Licence
MIT
Version
0.3.53
Deps
2
Size
45 kB
Vulns
0
Weekly
213
@pie-players/tts-server-polly
AWS Polly provider for server-side text-to-speech with native speech marks support.
For the cross-package TTS architecture and browser/server flow, see TTS Architecture.

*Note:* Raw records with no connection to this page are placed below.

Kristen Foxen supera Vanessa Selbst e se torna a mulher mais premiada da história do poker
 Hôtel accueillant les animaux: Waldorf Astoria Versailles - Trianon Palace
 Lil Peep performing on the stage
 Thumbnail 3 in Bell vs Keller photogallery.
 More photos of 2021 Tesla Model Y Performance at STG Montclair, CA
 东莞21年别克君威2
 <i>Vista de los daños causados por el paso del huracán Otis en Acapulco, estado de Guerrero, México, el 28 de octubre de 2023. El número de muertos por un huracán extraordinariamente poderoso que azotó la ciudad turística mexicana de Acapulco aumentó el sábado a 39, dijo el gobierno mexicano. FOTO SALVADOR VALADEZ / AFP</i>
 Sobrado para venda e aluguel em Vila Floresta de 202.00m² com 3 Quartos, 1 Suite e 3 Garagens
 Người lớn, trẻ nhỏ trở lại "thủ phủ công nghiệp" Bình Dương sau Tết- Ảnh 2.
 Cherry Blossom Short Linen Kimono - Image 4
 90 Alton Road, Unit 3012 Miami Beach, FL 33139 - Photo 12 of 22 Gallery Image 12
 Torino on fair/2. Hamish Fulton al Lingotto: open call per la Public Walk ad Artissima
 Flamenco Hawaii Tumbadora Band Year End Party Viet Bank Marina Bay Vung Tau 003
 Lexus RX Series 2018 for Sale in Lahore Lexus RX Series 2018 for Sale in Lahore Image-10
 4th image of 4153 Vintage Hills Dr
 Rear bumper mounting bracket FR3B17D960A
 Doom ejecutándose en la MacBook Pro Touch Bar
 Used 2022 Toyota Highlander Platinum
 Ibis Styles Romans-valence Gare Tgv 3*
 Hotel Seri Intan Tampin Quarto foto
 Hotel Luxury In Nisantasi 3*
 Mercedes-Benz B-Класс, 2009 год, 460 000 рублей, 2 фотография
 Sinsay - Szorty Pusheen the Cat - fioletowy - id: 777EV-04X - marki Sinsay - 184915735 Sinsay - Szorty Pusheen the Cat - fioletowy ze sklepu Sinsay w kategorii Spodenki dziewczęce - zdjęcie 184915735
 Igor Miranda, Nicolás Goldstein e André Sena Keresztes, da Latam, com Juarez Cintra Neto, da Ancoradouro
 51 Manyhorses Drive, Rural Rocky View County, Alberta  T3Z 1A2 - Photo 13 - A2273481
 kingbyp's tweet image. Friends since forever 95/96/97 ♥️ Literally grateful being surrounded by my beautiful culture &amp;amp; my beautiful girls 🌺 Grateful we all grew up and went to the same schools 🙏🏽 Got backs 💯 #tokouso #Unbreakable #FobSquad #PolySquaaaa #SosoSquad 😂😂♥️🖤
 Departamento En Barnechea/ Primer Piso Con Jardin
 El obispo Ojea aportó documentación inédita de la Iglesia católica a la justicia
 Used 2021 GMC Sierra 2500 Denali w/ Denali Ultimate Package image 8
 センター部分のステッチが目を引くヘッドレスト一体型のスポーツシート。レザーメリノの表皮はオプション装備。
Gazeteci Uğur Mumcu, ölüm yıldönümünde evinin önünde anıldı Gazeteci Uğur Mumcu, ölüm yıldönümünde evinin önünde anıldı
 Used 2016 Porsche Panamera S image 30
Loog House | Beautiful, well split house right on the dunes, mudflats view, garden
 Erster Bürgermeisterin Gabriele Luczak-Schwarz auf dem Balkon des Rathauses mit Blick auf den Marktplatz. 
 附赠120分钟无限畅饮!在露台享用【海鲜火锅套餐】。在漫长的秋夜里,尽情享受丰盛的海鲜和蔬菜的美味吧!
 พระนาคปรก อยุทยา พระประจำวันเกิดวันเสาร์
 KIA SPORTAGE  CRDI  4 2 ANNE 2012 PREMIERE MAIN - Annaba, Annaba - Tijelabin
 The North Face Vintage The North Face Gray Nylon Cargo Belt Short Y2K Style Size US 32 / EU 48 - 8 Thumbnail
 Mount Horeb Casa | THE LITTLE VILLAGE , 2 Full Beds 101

This README focuses on AWS Polly-specific provider configuration and behavior.
Overview
This package provides a server-side TTS provider that uses AWS Polly to generate high-quality neural speech with millisecond-precise word timing through speech marks.
Features
- Native Speech Marks - Millisecond-accurate word timing from AWS Polly
- Neural Voices - High-quality neural TTS (default) or standard voices
- 25+ Languages - Wide language support
- Full SSML - Supports Speech Synthesis Markup Language
- Parallel Requests - Audio and speech marks fetched simultaneously
- 60+ Voices - Multiple voices per language
Installation
npm install @pie-players/tts-server-pollyUsage
Basic Setup
import { PollyServerProvider } from '@pie-players/tts-server-polly';
const provider = new PollyServerProvider();
await provider.initialize({
region: 'us-east-1',
credentials: {
accessKeyId: process.env.AWS_ACCESS_KEY_ID!,
secretAccessKey: process.env.AWS_SECRET_ACCESS_KEY!,
},
engine: 'neural', // or 'standard'
defaultVoice: 'Joanna',
});Synthesize Speech
const result = await provider.synthesize({
text: 'Hello world, this is a test of AWS Polly text to speech.',
voice: 'Joanna', // Optional, uses defaultVoice if not specified
includeSpeechMarks: true,
});
console.log('Audio:', result.audio); // Buffer
console.log('Speech marks:', result.speechMarks); // Array of word timings
console.log('Duration:', result.metadata.duration, 'seconds');List Available Voices
// Get all neural voices
const voices = await provider.getVoices();
// Filter by language
const spanishVoices = await provider.getVoices({ language: 'es-ES' });
// Filter by gender
const femaleVoices = await provider.getVoices({ gender: 'female' });Speech Marks Example
const result = await provider.synthesize({
text: 'Hello world',
includeSpeechMarks: true,
});
// result.speechMarks:
// [
// { time: 0, type: 'word', start: 0, end: 5, value: 'Hello' },
// { time: 340, type: 'word', start: 6, end: 11, value: 'world' }
// ]Configuration
PollyProviderConfig
interface PollyProviderConfig {
region: string; // AWS region (required)
credentials?: { // AWS credentials (optional if using IAM)
accessKeyId: string;
secretAccessKey: string;
sessionToken?: string;
};
engine?: 'neural' | 'standard'; // Voice engine (default: 'neural')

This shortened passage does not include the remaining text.